Specifically, he points to the fact that the futures will be cash-settled rather than commodity-settled. Ordinarily, the way a futures contract works is that a buyer and a seller agree on a price for a commodity that will be delivered on a certain date. Professional traders buy and sell these contracts to place bets on the future value of the underlying commodities, and whoever owns a contract at its expiration receives physical delivery of the commodity.
However, CME’s bitcoin futures will be cash-settled, which means that cash will be delivered upon contract expiration rather than bitcoins. Donovan says this mirrors the creation of cash-settled tulip futures in Holland in 1636 – just one year before the tulip bubble popped.

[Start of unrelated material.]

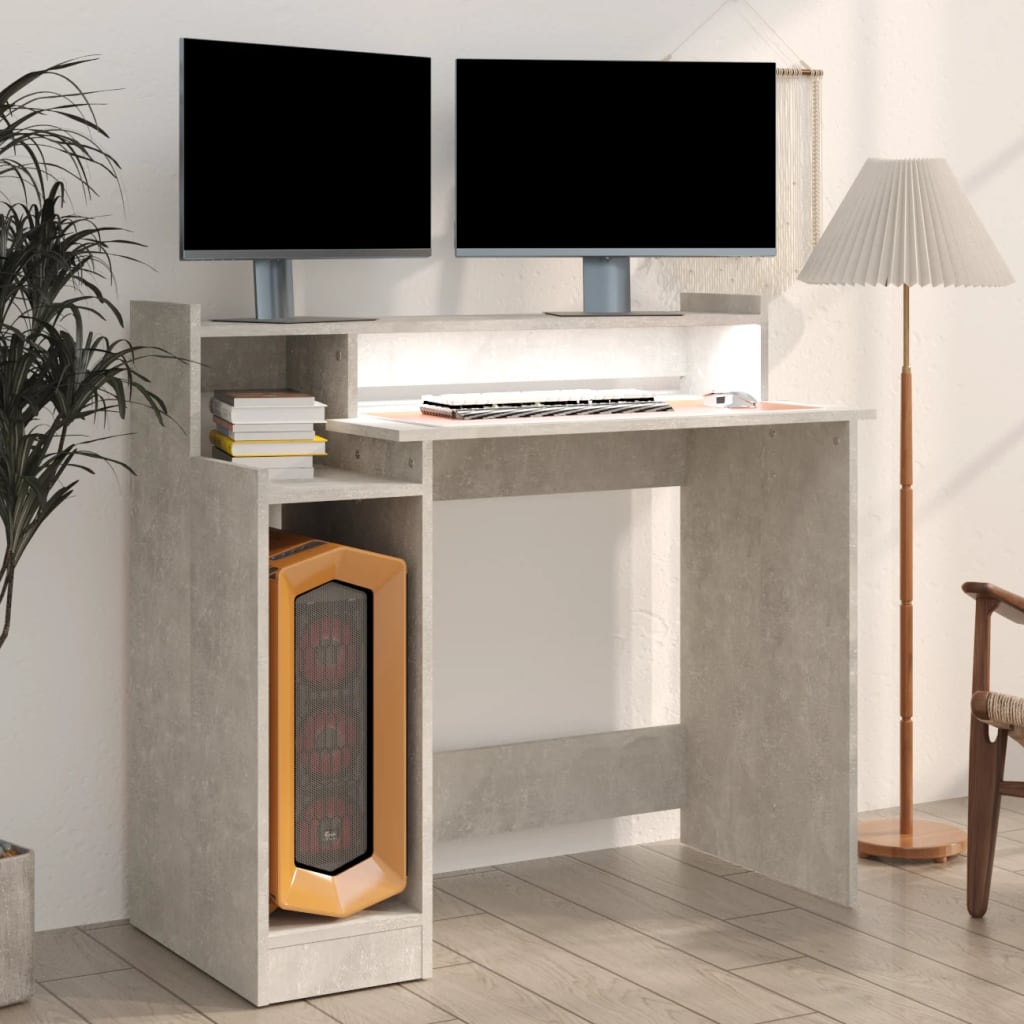 vidaXL skrivebord med LED-lys 97x45x90 cm konstrueret træ betongrå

“The idea of not physically delivering the product was rather shocking to contemporaries (as it turns out, the market crashed before bulbs could have been delivered anyway – bulbs were lifted in June 1637 for physical delivery). Traders met in groups (in taverns), called ‘Colleges.’ Think of the taverns as the cryptocurrency exchanges of their day,” Donovan said.
Donovan is not the only person at UBS to express skepticism about the future of bitcoin. Just last month, the investment bank published a research paper referring to bitcoin as a “speculative bubble”. Nor is he the only critic of CME’s launch of bitcoin futures. Themis Trading principal Joe Saluzzi said that the exchange was “playing with fire” and said that the products reminded him of the collateralized debt obligation (CDO) products that contributed to the 2008 financial crisis.